This time frame is short enough to allow for some realistic predictions based on the ongoing development trends, yet just far enough out to allow us to ponder some very promising, emerging technologies. For power electronics designers, the road ahead contains both exciting possibilities such as the opportunity to exploit ever-more sophisticated power ICs, and challenges such as the loss of design experience in critical areas such as magnetics.
— David Morrison, Editor, Power Electronics Technology

Semi Processes Push Power ICs Forward

Power management ICs face mounting pressures from all sides of the power supply application spectrum: they must provide higher efficiency, reduced cost, smaller circuit-board area, greater functionality, smaller packages, greater integration and new functions. In addition, power architectures are changing to meet the demands of advanced digital devices such as ASICs, DSPs and microprocessors. The distributed power architectures used to drive such electronics will require power ICs having both isolated and nonisolated topologies. These ICs will be low-profile, small-footprint, high-efficiency power modules with postregulator controllers and multiple PWM controllers on a single chip.

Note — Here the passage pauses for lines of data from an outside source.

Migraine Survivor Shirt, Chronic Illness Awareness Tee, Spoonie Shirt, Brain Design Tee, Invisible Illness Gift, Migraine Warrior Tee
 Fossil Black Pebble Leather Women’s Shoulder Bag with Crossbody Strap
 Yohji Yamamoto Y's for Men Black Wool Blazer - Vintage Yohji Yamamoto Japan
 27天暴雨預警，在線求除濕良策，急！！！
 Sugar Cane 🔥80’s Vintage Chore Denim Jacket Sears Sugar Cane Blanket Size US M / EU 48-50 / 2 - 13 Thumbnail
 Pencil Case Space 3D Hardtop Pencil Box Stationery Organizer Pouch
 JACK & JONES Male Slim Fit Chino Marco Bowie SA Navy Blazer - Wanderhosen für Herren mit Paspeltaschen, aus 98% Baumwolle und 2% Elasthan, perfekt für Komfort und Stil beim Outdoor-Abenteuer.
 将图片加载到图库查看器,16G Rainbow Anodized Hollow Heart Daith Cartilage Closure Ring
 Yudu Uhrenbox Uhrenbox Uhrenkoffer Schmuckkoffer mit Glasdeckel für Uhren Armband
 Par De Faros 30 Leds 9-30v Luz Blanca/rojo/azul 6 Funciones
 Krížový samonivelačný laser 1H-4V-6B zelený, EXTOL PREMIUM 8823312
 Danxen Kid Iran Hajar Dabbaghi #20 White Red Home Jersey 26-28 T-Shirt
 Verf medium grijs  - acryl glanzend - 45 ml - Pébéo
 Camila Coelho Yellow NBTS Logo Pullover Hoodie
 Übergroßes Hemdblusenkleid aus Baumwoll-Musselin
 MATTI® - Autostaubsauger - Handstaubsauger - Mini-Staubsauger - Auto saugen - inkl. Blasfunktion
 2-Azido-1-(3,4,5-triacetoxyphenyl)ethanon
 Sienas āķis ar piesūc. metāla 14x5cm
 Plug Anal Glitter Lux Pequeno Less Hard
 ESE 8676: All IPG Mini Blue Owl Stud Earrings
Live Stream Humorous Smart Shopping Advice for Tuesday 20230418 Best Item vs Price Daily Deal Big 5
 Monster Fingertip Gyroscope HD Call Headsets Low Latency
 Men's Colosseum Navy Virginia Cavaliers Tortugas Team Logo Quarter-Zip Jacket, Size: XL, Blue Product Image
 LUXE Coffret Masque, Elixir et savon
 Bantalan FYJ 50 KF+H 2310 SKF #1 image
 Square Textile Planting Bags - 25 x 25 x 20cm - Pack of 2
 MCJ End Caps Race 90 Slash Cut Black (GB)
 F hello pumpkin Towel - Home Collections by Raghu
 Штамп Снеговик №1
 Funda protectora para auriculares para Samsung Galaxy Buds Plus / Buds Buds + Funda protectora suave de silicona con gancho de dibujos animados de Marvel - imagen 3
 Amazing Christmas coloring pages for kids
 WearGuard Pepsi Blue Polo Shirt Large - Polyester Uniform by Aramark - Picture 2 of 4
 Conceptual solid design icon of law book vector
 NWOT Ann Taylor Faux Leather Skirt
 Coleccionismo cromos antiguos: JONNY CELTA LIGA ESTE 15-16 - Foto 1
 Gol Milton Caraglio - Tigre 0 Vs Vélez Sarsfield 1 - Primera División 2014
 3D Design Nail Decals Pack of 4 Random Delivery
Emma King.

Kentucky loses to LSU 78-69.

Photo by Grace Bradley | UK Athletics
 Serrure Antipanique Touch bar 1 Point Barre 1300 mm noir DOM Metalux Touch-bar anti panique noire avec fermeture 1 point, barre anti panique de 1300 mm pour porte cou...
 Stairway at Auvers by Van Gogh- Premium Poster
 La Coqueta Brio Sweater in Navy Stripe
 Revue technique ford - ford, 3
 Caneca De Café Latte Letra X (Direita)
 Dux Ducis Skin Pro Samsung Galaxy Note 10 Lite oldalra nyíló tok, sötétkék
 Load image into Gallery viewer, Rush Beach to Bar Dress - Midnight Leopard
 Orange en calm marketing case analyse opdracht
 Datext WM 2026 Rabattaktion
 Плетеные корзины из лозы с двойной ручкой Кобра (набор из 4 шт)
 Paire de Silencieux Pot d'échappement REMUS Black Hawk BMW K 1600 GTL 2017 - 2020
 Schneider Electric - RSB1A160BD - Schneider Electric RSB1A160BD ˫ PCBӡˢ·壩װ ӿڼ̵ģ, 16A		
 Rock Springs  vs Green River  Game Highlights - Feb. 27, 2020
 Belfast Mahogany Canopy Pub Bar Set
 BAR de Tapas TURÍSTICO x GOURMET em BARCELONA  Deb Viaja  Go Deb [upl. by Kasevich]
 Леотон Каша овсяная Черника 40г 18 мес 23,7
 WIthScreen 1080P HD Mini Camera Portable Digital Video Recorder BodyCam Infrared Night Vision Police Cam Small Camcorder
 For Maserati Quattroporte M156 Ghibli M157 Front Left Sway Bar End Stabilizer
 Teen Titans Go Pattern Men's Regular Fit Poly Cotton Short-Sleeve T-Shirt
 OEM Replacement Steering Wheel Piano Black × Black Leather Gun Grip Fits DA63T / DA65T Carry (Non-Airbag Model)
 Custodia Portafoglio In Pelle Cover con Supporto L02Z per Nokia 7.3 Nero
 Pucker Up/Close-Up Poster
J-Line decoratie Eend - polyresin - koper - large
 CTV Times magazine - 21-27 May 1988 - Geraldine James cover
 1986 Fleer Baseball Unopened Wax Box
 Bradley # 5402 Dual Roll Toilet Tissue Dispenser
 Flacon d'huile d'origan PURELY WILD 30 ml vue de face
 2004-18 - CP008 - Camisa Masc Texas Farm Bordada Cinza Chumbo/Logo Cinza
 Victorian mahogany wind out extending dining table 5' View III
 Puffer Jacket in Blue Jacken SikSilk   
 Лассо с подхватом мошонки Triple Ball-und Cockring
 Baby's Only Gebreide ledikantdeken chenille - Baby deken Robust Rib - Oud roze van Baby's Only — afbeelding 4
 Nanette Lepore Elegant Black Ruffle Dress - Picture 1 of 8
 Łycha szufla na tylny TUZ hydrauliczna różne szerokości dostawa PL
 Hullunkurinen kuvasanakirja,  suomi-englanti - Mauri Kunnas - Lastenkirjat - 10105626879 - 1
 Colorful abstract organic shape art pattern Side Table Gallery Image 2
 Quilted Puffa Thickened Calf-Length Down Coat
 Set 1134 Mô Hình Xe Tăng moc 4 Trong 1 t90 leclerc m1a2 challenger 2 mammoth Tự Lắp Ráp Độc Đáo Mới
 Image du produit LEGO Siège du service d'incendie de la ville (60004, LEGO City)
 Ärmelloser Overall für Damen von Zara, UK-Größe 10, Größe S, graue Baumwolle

The way to manufacture such power ICs is to bring together analog, digital and power semiconductor technologies on a single chip to carry out the functions of a power control IC. This is sometimes called smart power, where BiCMOS is used for analog functions such as oscillators, drivers, amplifiers and voltage references, CMOS for control logic and DMOS for the power switches.

This type of technology is currently being developed by companies such as National Semiconductor, which calls it voltage-scaled ABCD for analog BiCMOS-DMOS. It will be available in three different “recipes” or processes to meet various power supply requirements. For example, depending on the system voltages the IC will handle, the breakdown voltage of the DMOS transistors will vary, as will the isolation breakdown voltages of the substrate (Fig. 1).

If the application is low-side gate drivers or buck regulators with an internal 45-V MOSFET, then a minimum 45-V breakdown process will suffice. For a 100-V half-bridge gate driver, a recipe with 100-V minimum breakdown and isolation will be required. The idea is to develop a designer's tool kit that can handle any combination of power supply system requirements to produce a suitable device for the application.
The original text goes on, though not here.